PETALING JAYA: KLCCP Stapled Group, comprising KLCC Property Holdings Bhd and KLCC Real Estate Investment Trust (KLCC REIT), saw its net profit for the fourth quarter ended Dec 31, 2019 jump 33% to RM244.41 million from RM183.66 million a year ago mainly boosted by the fair value adjustment on investment properties.
However, its revenue was marginally lower at RM364.96 million versus RM366.35 million in last year’s corresponding quarter, it stated in its Bursa filing.
The office and retail segments continued to drive stability in the group’s performance for the quarter. The hotel segment also posted a nearly eight-fold increase in net profit to RM2.3 million from 295,000 and 7.4% increase in revenue to RM49.1 million from RM45.7 million during the quarter.
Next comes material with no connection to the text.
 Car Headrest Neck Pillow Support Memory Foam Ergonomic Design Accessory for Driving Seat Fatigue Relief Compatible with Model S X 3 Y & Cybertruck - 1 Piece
For the quarter, KLCC Stapled Group declared a distribution per stapled security of 11.6 sen representing an increase of 6.4% compared to the corresponding quarter.
For the full year period, its net profit jumped 9% to RM790.15 million from RM724.91 million mainly boosted by the fair value adjustment on investment properties, while revenue rose 1.2% to RM1.42 billion from RM1.41 billion.
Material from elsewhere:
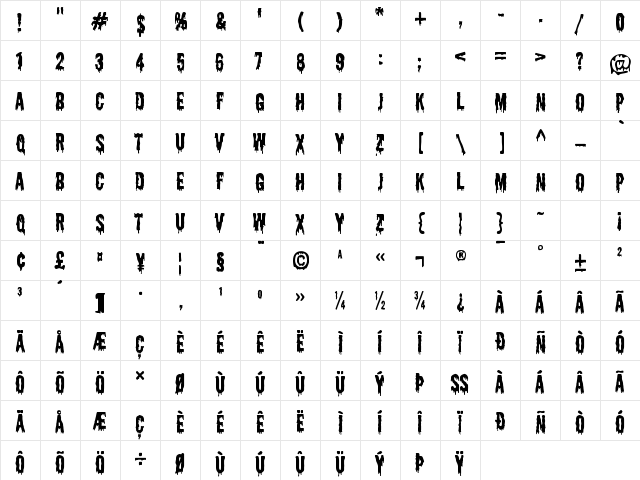 Shlop Regular font glyphpreview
It declared a fourth interim dividend of 5.35 sen per share for the financial year ended Dec 31, 2019.
The group’s property value increased to RM15.9 billion for FY19, mainly driven by the value uplift from the anchor-to-specialty reconfiguration in Suria KLCC (pix).
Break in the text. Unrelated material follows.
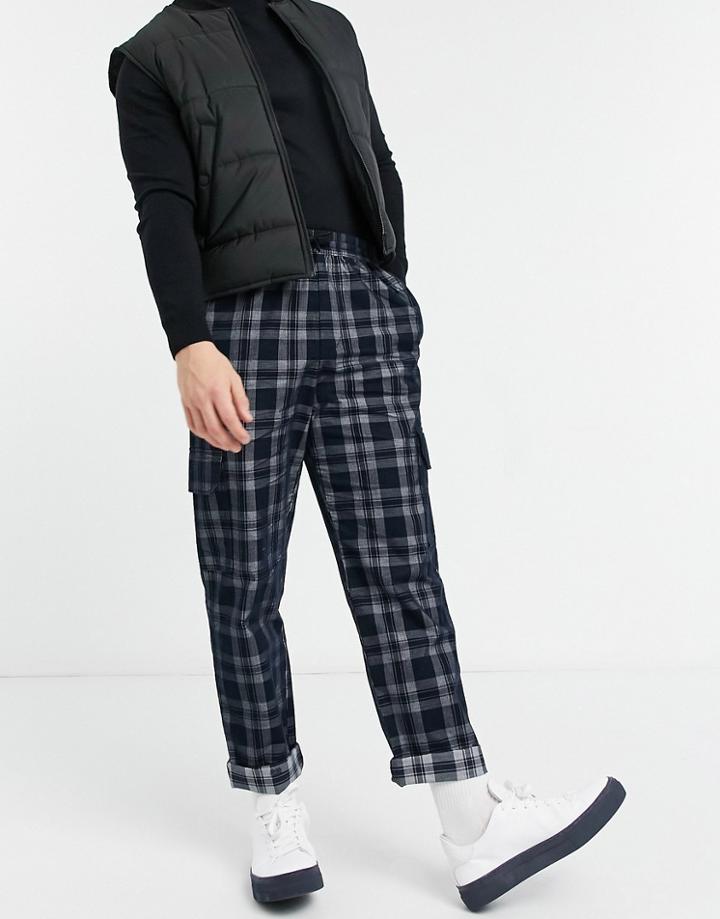 Asos Design Skater Fit Pants In Brushed Plaid With Cargo Pockets-black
The directors expect the group to continue to remain resilient, leveraging on the long term profile of office leases and the positive results from the retail segment arising from the reconfiguration exercise in Suria KLCC despite the challenging market outlook.
“The directors remain cautious on the hotel segment due to competitive market and the increasing F&B outlets within the KLCC area. However, higher tourist arrival from the Visit Malaysia 2020 campaign is expected to cushion the impact,” it said.